Lo que no me parece interesante es decir que Dios desea lo mejor para sus hijos y que se opone a la homosexualidad porque atenta contra la felicidad. No me consta. Además, no me parece posible debatir con alguien que lo tiene a Dios de confidente.
Mis amigos creyentes admiten, entonces, que un homosexual es una persona; admiten incluso que puede amar a su pareja, pero consideran que el matrimonio fue pensado, tal como la palabra lo indica, para consumar una relación entre hombre y mujer. Puede ser. En lo personal hago las siguientes consideraciones. De hecho, las parejas homosexuales están funcionando. Es más, algunos creyentes consideran que ellos no tendrían ninguna objeción que hacer acerca de la unión civil, con todos los atributos del matrimonio civil, pero sin usar la palabra matrimonio. Si todo se reduce al uso de una palabra, yo no tendría ningún problema en negociarla.
El otro argumento que se usa con frecuencia es que el matrimonio gay atentaría contra la familia. No lo creo. Sí creo que la institución “familia”, como la hemos conocido, está en crisis y algunos méritos habrá hecho para que esto ocurra. Creo que es justo y deseable que toda persona tenga un hogar, una casa donde haya padres que le brinden afecto y la eduquen. Contra ese tipo de familia no tengo ninguna objeción que hacer. Lo que observo es que para que esa familia exista no es indispensable que los padres estén casados por la Iglesia, el templo o el Registro Civil. Si lo hacen, mejor, pero no es indispensable, porque -¿es necesario insistir?- para que una familia funcione lo indispensable es el amor y no un papel firmado y, mucho menos, el uso que los padres hagan de sus genitales. Por otra parte, les recuerdo a todos que el matrimonio gay es voluntario, no obligatorio. Que se queden tranquilos aquellos que gustan de las mujeres, porque nadie los va a obligar a casarse con un hombre.
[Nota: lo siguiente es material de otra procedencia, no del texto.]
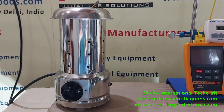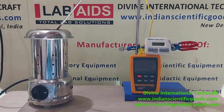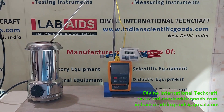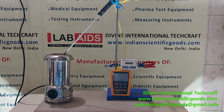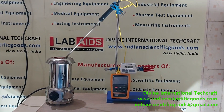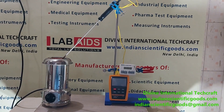Hello, this is a flameless electric Bunsen burner manufactured by Divine International Techcraft, New Delhi, India. Today we will see the performance and efficiency of this flameless electric Bunsen burner. We will see what is the maximum temperature that is attained by this burner and in how much time.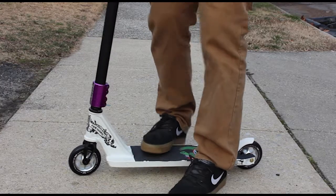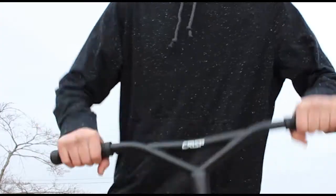Thirdly, you're going to want to be comfortable with kicking the deck out and then using your arms to spin the deck around.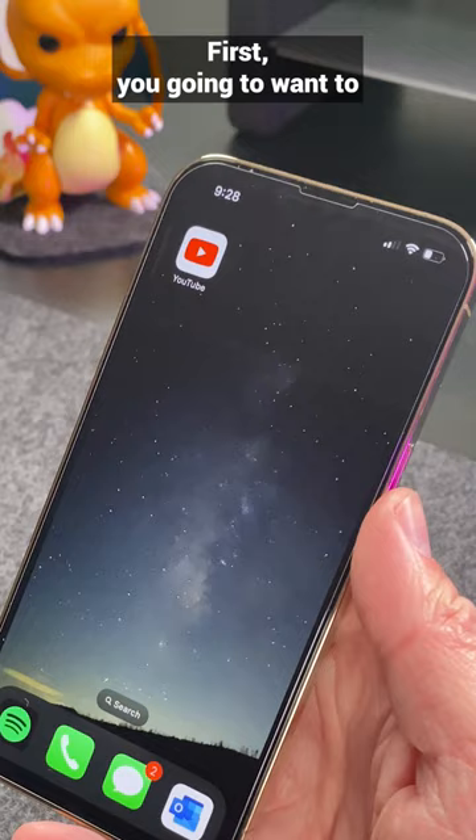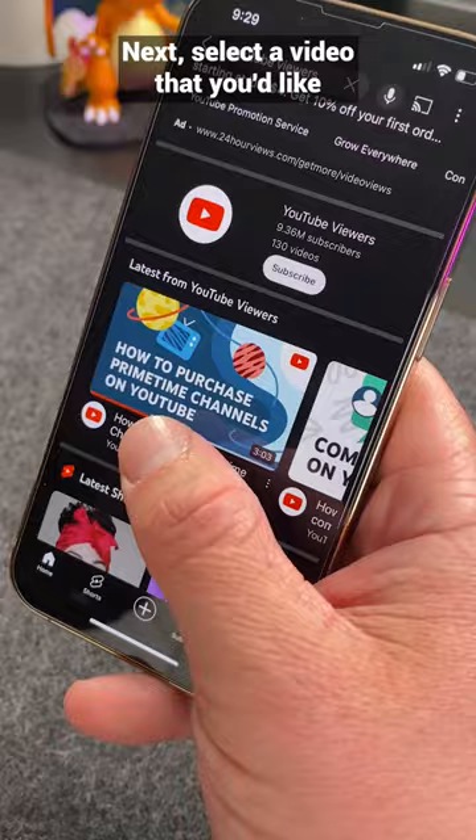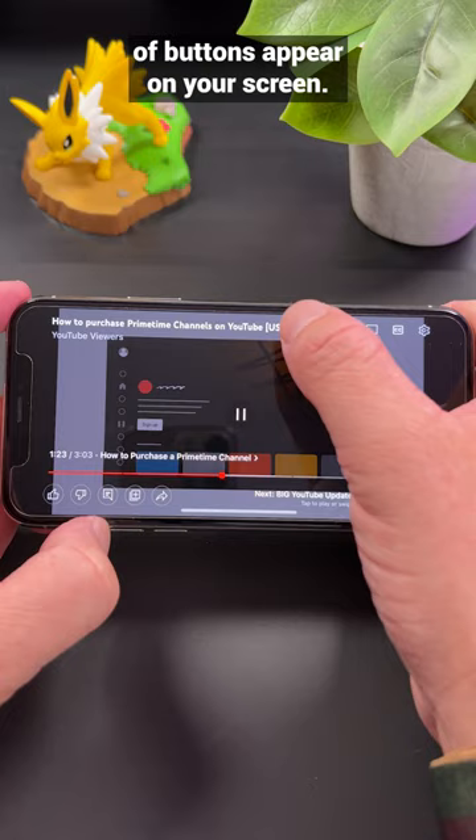First, you're going to want to open up the YouTube app on your phone or tablet. Next, select a video that you'd like to watch and turn your device to landscape mode. Here, you're going to see a new panel of buttons appear on your screen. You can also use these buttons to expand the video description or comment section side by side with the video.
¿Y la adopción? Está claro que, si se concibe a la homosexualidad como una enfermedad o un desorden moral, la consecuencia es oponerse. Si, a la inversa, se la considera una opción de vida, no hay por qué tener prevenciones. Se dice que los homosexuales criarían hijos homosexuales. No lo creo. Todos los homosexuales que andan dando vueltas por este mundo pecador son hijos de padres heterosexuales, con lo que se prueba la relatividad de los llamados buenos ejemplos. No creo que la felicidad de un niño dependa de lo que hagan sus padres en el dormitorio. Por último, una consideración práctica; habiendo tantos niños en la calle, tantos niños abandonados y maltratados, me parece que la humanidad no puede darse el lujo de privarlos de esa posibilidad.
Estoy convencido de que la opinión que tengamos sobre la homosexualidad condicionará nuestra conclusión acerca del matrimonio gay.
Para que una familia funcione lo indispensable es el amor y no un papel firmado y, mucho menos, el uso que los padres hagan de sus genitales.